Requirement: Quote every line below exactly and skip any picture.

Input data:
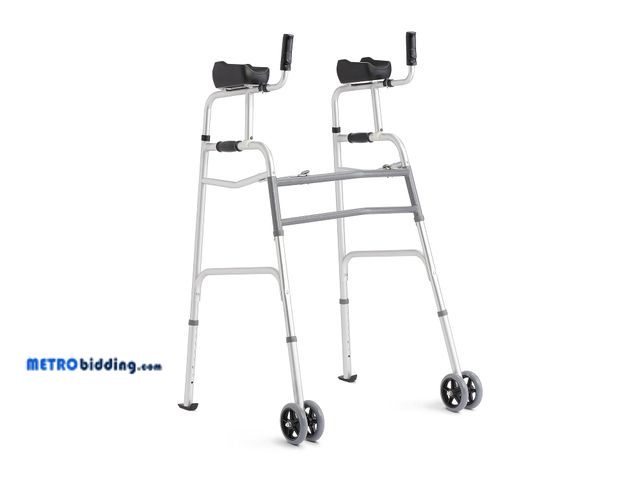 Lot 88-497397 - Medline Upright Aluminum Junior Folding Walker – Comfortable, Maneuverable, for Injury, Balance, Pos...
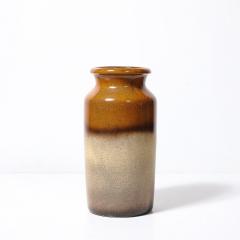 Mid Century Ochre Saffron Glazed Ceramic Umbrella Stand with Umber Detailing - 4162100
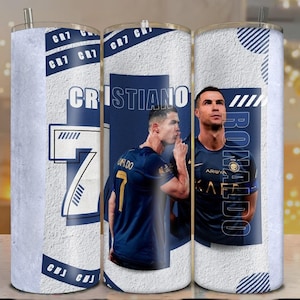 Envoltura para vaso CR7 Ronaldo de 20 oz PNG / Diseño de copa de fútbol / Diseño de sublimación de jugador de fútbol, descarga digital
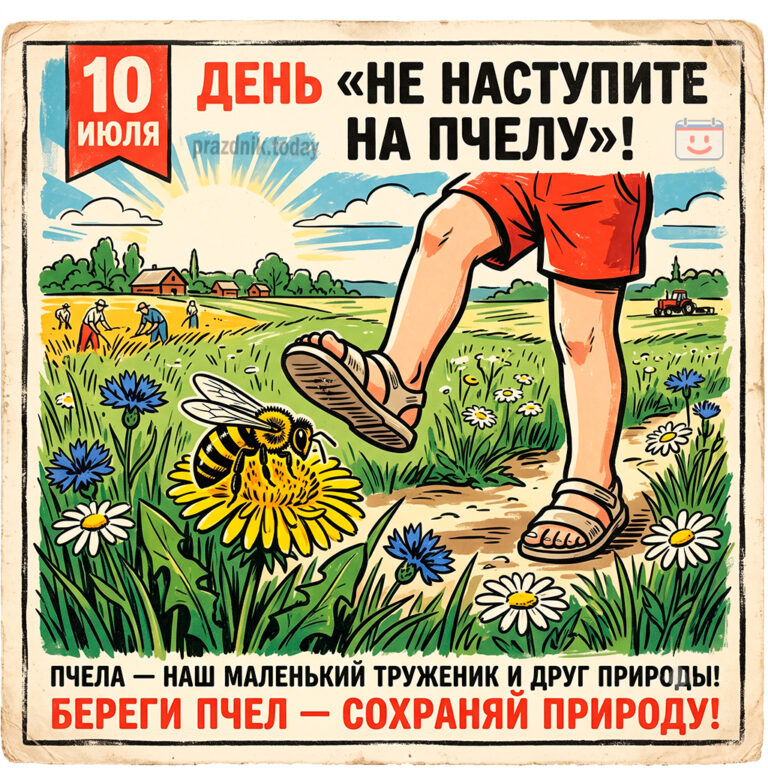 Открытка ко дню «Не наступите на пчелу» 10 июля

Written solution:
 Lot 88-497397 - Medline Upright Aluminum Junior Folding Walker – Comfortable, Maneuverable, for Injury, Balance, Pos...
 Mid Century Ochre Saffron Glazed Ceramic Umbrella Stand with Umber Detailing - 4162100
 Envoltura para vaso CR7 Ronaldo de 20 oz PNG / Diseño de copa de fútbol / Diseño de sublimación de jugador de fútbol, descarga digital
 Открытка ко дню «Не наступите на пчелу» 10 июля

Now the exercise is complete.